ASSIGNED TASK
Look through the material below. Return exactly the lines from the one with "Terreno para Venda em Almeida Foto 22" through the one with "Doppelzimmer mit Balkon", both included.

SUPPLIED RECORDS
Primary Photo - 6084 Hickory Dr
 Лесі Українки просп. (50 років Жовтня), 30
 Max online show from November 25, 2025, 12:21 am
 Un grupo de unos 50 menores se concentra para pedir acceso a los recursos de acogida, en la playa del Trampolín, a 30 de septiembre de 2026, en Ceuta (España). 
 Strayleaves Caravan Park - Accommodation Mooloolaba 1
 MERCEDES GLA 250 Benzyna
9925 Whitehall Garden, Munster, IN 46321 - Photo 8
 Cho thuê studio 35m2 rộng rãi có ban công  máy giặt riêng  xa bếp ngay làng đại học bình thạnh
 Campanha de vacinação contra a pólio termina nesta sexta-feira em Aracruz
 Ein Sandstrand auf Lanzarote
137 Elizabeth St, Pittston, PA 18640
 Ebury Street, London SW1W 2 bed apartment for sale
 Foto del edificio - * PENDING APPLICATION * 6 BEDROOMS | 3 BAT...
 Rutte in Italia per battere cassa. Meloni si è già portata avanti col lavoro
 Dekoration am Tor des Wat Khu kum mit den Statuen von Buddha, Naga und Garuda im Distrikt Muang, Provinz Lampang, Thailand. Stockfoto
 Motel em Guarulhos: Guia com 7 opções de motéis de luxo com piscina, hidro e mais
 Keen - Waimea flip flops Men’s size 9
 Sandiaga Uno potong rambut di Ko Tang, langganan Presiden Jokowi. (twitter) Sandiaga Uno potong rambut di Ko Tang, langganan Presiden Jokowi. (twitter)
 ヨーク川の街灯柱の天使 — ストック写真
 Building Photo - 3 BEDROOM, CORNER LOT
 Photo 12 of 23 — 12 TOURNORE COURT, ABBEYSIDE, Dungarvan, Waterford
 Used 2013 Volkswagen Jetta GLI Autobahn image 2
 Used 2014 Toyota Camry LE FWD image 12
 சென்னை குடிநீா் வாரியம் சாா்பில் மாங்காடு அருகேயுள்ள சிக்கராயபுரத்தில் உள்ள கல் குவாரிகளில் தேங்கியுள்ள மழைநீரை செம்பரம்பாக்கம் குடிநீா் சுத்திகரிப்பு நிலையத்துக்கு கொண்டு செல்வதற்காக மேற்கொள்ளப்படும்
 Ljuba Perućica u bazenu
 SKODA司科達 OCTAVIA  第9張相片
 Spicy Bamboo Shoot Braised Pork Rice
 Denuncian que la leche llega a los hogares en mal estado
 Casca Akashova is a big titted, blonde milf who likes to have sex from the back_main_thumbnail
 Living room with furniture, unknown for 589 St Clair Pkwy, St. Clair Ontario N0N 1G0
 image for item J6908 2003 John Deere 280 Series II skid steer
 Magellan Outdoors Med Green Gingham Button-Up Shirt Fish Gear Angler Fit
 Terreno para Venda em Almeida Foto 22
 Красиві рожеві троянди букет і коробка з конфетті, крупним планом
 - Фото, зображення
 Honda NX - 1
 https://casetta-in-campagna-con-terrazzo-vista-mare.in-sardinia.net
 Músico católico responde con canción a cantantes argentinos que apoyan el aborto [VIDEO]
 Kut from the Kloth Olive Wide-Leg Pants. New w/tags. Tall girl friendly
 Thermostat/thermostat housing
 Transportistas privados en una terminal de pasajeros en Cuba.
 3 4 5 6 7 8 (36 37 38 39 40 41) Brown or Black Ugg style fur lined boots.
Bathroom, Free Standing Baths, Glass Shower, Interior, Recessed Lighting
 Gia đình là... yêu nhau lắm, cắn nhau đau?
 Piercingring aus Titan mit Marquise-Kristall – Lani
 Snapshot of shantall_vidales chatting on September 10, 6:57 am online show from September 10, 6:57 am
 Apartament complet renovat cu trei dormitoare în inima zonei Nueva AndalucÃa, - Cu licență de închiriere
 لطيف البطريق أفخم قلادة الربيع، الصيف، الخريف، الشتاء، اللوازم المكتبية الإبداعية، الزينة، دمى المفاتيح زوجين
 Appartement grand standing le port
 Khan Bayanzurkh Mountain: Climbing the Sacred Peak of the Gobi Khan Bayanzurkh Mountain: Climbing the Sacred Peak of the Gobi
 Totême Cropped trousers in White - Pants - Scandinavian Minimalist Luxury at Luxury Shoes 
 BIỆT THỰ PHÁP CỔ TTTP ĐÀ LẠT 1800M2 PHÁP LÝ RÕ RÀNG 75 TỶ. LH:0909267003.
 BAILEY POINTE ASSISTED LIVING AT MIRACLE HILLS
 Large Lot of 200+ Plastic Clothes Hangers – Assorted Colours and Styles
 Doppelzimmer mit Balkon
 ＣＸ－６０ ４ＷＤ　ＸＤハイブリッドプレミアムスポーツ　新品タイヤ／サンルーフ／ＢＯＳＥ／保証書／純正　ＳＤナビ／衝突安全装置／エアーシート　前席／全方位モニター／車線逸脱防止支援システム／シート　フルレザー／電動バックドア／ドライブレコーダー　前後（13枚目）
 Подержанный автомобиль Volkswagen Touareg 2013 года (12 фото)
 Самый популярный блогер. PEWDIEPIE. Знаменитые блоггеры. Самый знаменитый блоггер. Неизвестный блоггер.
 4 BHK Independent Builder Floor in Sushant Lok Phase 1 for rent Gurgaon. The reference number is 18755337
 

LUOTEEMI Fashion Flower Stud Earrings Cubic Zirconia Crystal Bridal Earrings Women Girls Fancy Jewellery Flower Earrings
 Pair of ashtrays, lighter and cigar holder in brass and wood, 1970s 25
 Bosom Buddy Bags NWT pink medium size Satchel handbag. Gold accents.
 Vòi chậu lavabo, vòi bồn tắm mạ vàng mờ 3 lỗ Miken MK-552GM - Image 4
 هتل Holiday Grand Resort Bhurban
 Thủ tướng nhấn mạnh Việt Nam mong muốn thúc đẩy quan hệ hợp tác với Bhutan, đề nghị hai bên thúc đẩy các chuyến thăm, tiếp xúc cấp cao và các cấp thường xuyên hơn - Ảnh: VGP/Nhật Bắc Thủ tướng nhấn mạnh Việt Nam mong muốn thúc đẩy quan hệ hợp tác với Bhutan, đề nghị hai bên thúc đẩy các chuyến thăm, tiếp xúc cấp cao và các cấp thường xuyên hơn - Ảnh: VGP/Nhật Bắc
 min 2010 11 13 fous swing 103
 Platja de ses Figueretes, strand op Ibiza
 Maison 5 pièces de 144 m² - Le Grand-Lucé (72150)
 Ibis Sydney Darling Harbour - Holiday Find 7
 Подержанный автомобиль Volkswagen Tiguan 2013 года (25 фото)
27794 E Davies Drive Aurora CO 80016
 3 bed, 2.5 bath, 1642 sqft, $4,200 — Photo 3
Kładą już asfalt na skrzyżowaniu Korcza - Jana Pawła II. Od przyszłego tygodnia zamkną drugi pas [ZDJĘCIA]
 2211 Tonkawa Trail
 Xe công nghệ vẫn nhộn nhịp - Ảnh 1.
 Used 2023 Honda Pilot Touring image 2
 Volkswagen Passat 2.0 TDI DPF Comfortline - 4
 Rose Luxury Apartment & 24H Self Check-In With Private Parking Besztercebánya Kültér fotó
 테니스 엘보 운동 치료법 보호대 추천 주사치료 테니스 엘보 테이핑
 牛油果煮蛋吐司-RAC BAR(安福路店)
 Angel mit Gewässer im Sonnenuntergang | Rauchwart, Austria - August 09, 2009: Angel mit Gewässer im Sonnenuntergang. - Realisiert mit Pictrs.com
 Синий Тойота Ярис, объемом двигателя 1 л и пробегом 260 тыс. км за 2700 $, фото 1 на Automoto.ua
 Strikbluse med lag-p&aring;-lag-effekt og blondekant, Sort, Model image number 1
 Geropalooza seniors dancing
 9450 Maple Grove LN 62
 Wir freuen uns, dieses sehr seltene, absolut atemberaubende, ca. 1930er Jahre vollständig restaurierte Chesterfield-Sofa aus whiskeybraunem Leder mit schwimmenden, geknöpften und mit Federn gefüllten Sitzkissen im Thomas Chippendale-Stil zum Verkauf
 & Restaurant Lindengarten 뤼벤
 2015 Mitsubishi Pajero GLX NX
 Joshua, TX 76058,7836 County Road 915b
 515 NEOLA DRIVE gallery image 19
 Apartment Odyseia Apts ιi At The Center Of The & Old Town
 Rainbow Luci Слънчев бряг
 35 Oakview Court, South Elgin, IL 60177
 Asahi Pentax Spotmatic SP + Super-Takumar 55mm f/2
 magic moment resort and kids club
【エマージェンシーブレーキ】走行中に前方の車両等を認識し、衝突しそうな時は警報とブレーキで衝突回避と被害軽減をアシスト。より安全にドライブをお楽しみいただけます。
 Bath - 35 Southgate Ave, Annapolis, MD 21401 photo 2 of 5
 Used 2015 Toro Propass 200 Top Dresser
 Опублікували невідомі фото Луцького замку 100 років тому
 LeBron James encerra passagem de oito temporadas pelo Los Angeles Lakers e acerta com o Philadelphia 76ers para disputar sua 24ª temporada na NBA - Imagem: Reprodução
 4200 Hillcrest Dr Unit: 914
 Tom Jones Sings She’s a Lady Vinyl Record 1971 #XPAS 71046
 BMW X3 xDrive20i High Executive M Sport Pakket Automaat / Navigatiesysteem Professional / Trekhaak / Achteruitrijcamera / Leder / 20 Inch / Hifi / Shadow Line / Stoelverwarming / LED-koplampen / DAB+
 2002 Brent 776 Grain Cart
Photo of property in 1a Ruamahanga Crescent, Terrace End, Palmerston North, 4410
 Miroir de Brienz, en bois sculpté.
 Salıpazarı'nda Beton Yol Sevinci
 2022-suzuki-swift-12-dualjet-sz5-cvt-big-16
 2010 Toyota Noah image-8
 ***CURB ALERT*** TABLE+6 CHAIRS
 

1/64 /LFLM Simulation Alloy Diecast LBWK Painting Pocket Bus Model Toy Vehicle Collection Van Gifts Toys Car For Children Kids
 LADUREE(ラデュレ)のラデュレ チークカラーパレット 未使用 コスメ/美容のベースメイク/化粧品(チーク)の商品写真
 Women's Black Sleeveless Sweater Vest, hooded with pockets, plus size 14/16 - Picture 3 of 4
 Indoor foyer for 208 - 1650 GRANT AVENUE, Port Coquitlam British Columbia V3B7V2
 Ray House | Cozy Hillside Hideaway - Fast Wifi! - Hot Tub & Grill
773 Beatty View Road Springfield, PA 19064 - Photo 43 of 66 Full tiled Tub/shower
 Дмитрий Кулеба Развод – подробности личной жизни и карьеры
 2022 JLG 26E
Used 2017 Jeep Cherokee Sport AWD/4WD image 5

WRITTEN REPLY
 Terreno para Venda em Almeida Foto 22
 Красиві рожеві троянди букет і коробка з конфетті, крупним планом
 - Фото, зображення
 Honda NX - 1
 https://casetta-in-campagna-con-terrazzo-vista-mare.in-sardinia.net
 Músico católico responde con canción a cantantes argentinos que apoyan el aborto [VIDEO]
 Kut from the Kloth Olive Wide-Leg Pants. New w/tags. Tall girl friendly
 Thermostat/thermostat housing
 Transportistas privados en una terminal de pasajeros en Cuba.
 3 4 5 6 7 8 (36 37 38 39 40 41) Brown or Black Ugg style fur lined boots.
Bathroom, Free Standing Baths, Glass Shower, Interior, Recessed Lighting
 Gia đình là... yêu nhau lắm, cắn nhau đau?
 Piercingring aus Titan mit Marquise-Kristall – Lani
 Snapshot of shantall_vidales chatting on September 10, 6:57 am online show from September 10, 6:57 am
 Apartament complet renovat cu trei dormitoare în inima zonei Nueva AndalucÃa, - Cu licență de închiriere
 لطيف البطريق أفخم قلادة الربيع، الصيف، الخريف، الشتاء، اللوازم المكتبية الإبداعية، الزينة، دمى المفاتيح زوجين
 Appartement grand standing le port
 Khan Bayanzurkh Mountain: Climbing the Sacred Peak of the Gobi Khan Bayanzurkh Mountain: Climbing the Sacred Peak of the Gobi
 Totême Cropped trousers in White - Pants - Scandinavian Minimalist Luxury at Luxury Shoes 
 BIỆT THỰ PHÁP CỔ TTTP ĐÀ LẠT 1800M2 PHÁP LÝ RÕ RÀNG 75 TỶ. LH:0909267003.
 BAILEY POINTE ASSISTED LIVING AT MIRACLE HILLS
 Large Lot of 200+ Plastic Clothes Hangers – Assorted Colours and Styles
 Doppelzimmer mit Balkon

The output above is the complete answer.